2020年度の受賞者ご紹介およびご功績・業績概要

國中 均 様
国立研究開発法人 宇宙航空研究開発機構 理事
宇宙科学研究所 所長

國中均博士は、従来実用に供されてきた電子衝撃型イオン源に代わる電子サイクロトロン共鳴(ECR)イオン源に着目し、加速電極と電子源の劣化がなく、エネルギー効率を各段に改良したロケット推進用イオン源を完成させ、さらに、ECRイオン源をベースとした宇宙推進装置の開発と、はやぶさミッションへの応用で顕著な業績を挙げておられます。「はやぶさ」および「はやぶさ2」の小惑星探査ミッションは氏のECRイオン源なしには実現できなかったと言って過言ではありません。

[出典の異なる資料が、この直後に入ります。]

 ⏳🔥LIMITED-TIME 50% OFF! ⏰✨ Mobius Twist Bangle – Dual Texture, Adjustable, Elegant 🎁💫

また、博士はECRイオン源のプラズマ物理を解明するために、従来のラングミュアプローブに代わる光ファイバー式プラズマ診断技術を開発し、ECRイオン源の動作状態を測定することに成功されました。この技術は薄膜生産用プラズマ装置の開発や診断に広く利用される可能性があり、産業技術の振興にも寄与するのは確実です。

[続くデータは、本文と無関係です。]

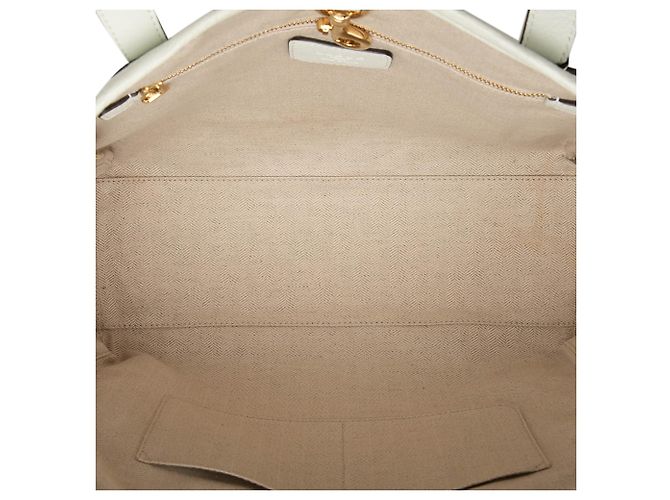 Sacote Heritage em couro branco LOEWE - vista 4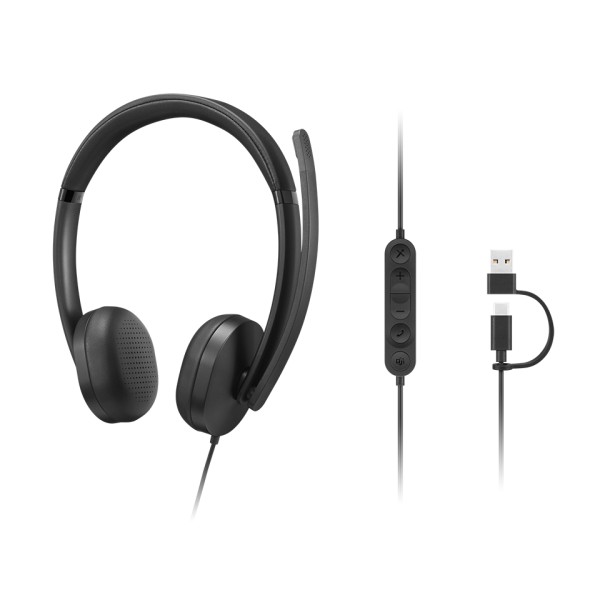 Lenovo - Headset - Para Professional audio / Para Conference / Para Cellular phone / Para Computer - Wired (4XD1R88995)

以上、博士のご業績の一部をご紹介いたしましたが、自然科学・技術の発展、産業振興において顕著なものがあり、衞藤細矢記念賞にふさわしく、また宇宙航空研究開発機構理事および宇宙科学研究所所長としても、今後の更なるご活躍が期待されるところです。

中臺 一博 様
東京工業大学 特任教授
(株)ホンダ・リサーチ・インスティチュート・ジャパン プリンシバル・サイエンティスト

中臺一博博士は、JST ERATO北野共生システムプロジェクト、(株)ホンダ・リサーチ・インスティチュート・ジャパン、東京工業大学での研究活動を通じて、ロボットは、人間の口元にマイクを設置するのではなく、「自らの耳で周囲の音を聞き分けることができるべきである」という考えから、「ロボット聴覚」という新しい研究分野を提唱、現在に至るまで、その中心として世界のロボット聴覚研究をリードするなど、その学術的業績は高く評価されており、大変注目されております。

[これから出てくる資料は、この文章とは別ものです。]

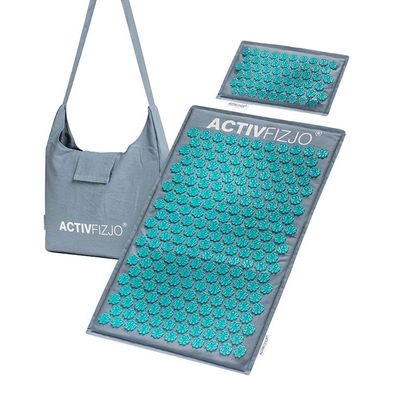 Matte für Akupressur, Akupressurmatte, mit Kissen, Akupressur Set, Premium natur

とりわけ、11人の同時発話を聞き分ける聖徳太子ロボットを世界に先駆けて開発し、その独創的な技術をロボット聴覚のオープンソースソフトウェアHARKとして、広く社会に公開しています。同時に、この技術を応用展開した画期的なドローン開発にも成功されるなど、社会実装を通じた技術の応用展開に貢献していることも高く評価されています。
以上、博士のご業績の一部をご紹介しましたが、情報科学技術の発展、産業振興において顕著なものがあり、衞藤細矢記念賞にふさわしく、今後の更なるご活躍も大いに期待されます。